Corea del Norte patrocina varios grupos de hackers, como el Grupo Lazarus (también llamado Guardian of Peace y Whois Team) y Advanced Persistent Threat 38 (APT38).
Aunque nadie sabe exactamente cuántos hackers respaldados por el régimen de Kim Jong-un hay, los expertos han estimado entre 6.000 y 7.000, trabajando tanto dentro como fuera del país.
Corea del Norte ha invertido en su arsenal nacional de ciberdelincuencia durante unos 15 años y, según los expertos, es casi imposible que una organización pueda defenderse de un ejército de este tamaño y calibre.

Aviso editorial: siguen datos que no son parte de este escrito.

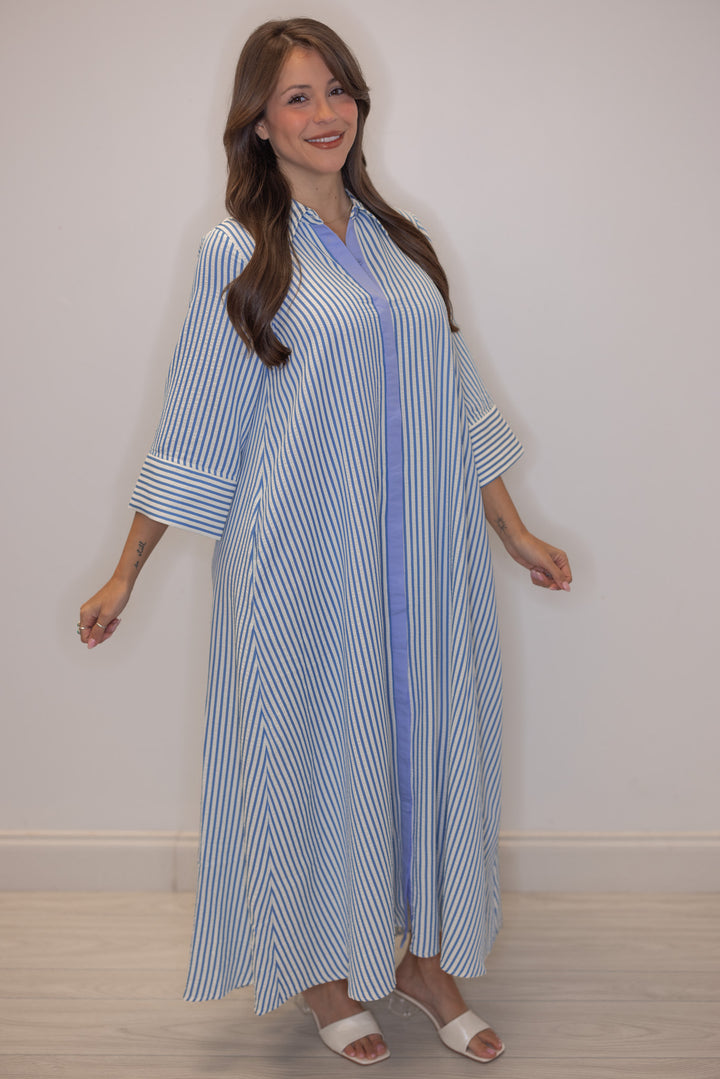 Women's striped blue maxi dress by Entro, perfect for Spring events
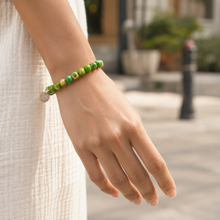Load image into Gallery viewer, Woman wearing Natural Olive Green Jasper Flat Silver Bead Bracelet 8MM by MysticFlavia with elegant casual style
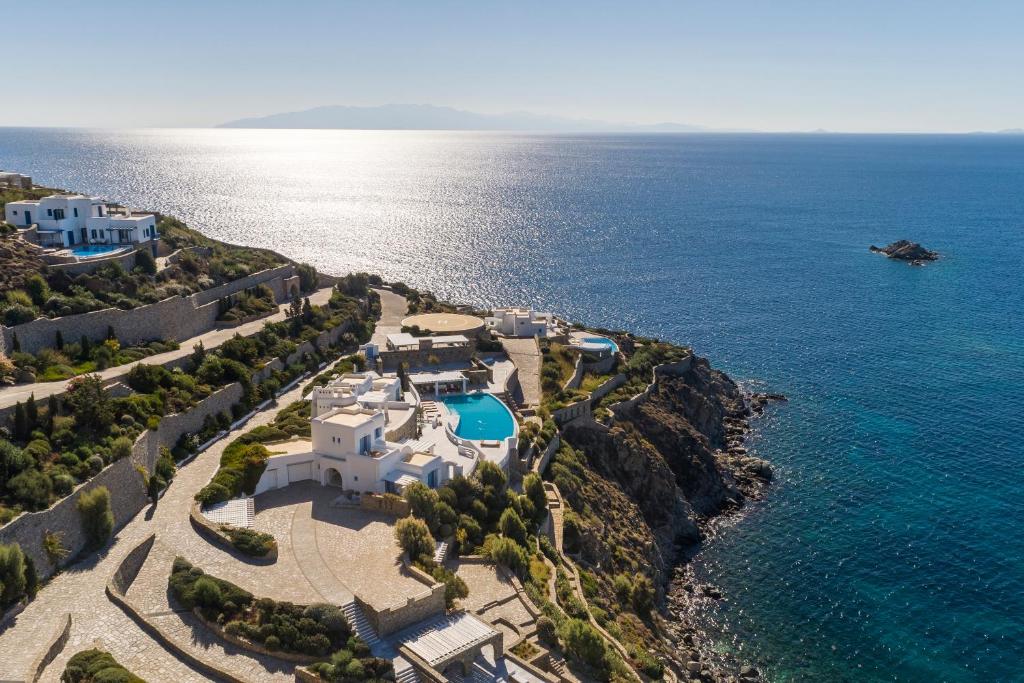 an aerial view of a resort and the ocean at AGL Luxury Villas in Mýkonos City
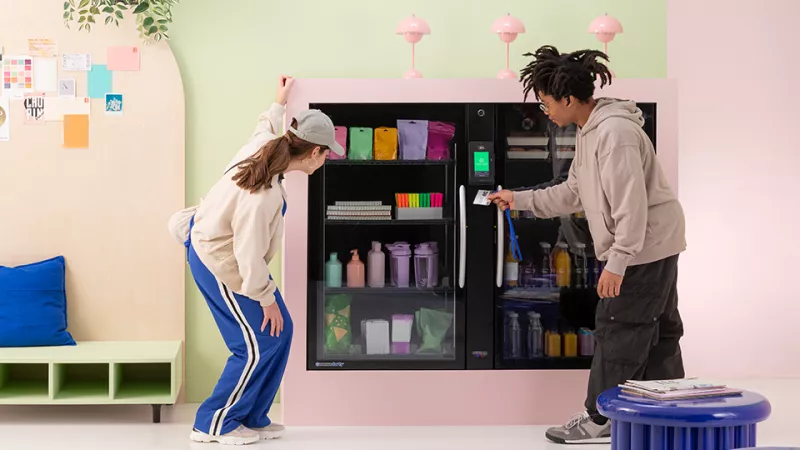 Students unlocking vending machine with student card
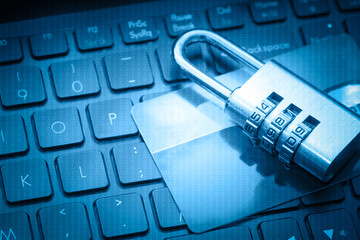Credit card and padlock lying on keyboard symbolizing secure online shopping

Según Chainalysis, los hackers norcoreanos han robado un total estimado de 1.000 millones de dólares en criptodivisas este año.
Una gran parte de esta cifra procedería del lucrativo atraco de Lazarus contra el juego online Axie Infinity, basado en NFT.
En abril, las autoridades estadounidenses consideraron al grupo responsable de robar 620 millones de dólares en criptodivisas del juego.
Para contextualizar, se estima que Corea del Norte solo ganó unos 142 millones de dólares por exportaciones comerciales durante 2020.
En junio, el analista de blockchain y ex analista del FBI Nick Carlsen dijo a Reuters que uno de los alijos de criptomonedas de Corea del Norte había perdido entre el 80% y el 85% de su valor en semanas, cayendo a menos de 10 millones de dólares.
Las pérdidas se habrán intensificado tras el colapso de FTX. Según Chainalysis, en enero Corea del Norte tenía cerca de 170 millones de dólares en criptodivisas robadas sin lavar, tomadas de 49 hackeos realizados entre 2017 y 2021.
El informe también afirma que Ether fue la criptodivisa más comúnmente robada por Corea del Norte en 2021, constituyendo el 58% del robo total.
¿Por qué robar criptomonedas para financiar pruebas de armas nucleares?
EEUU, Corea del Sur y Japón han advertido a Corea del Norte de que No realice una séptima prueba nuclear. Pero Kim Jong-un no cede.
Días atrás, en el lanzamiento del mayor misil balístico de Corea del Norte hasta la fecha, dijo a los medios estatales que el objetivo final es poseer la fuerza estratégica más poderosa del mundo sin precedentes en el siglo.